**WORK TASK:**
Your job is to retype all of the data word for word, leaving every image out.

**RECORDED INFORMATION:**

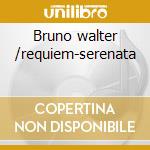 Bruno walter /requiem-serenata cd musicale di W.amadeus Mozart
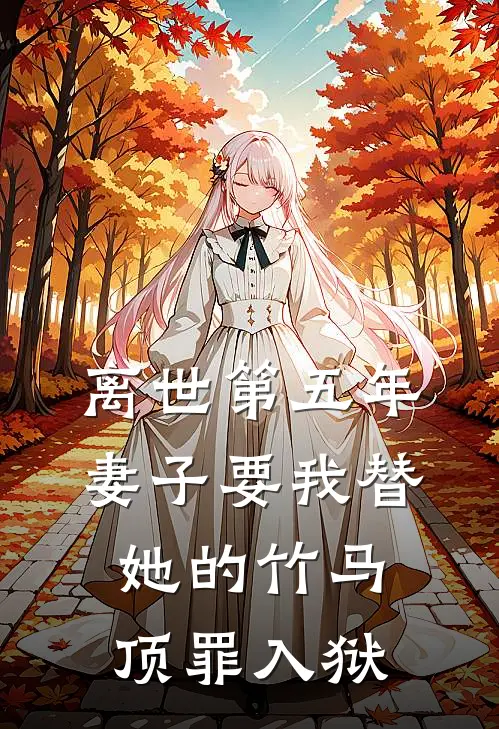 离世第五年，妻子要我替她的竹马顶罪入狱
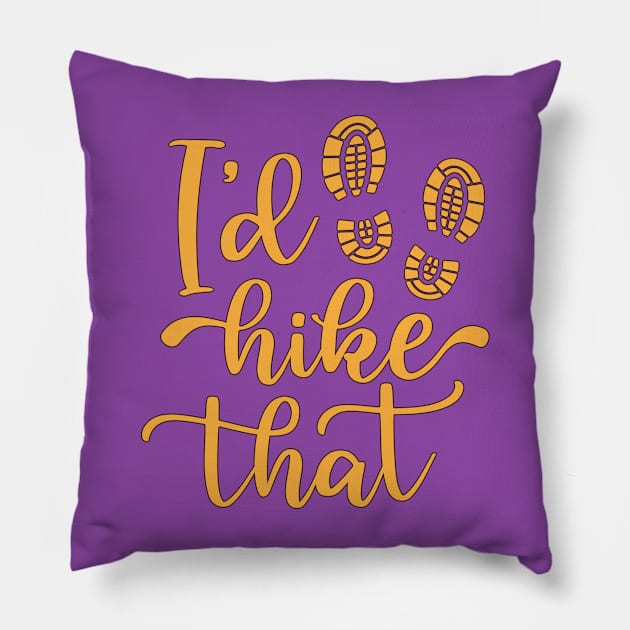 I'd Hike That Pillow by doctor ax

**OUTPUT OF THE EXERCISE:**
 Bruno walter /requiem-serenata cd musicale di W.amadeus Mozart
 离世第五年，妻子要我替她的竹马顶罪入狱
 I'd Hike That Pillow by doctor ax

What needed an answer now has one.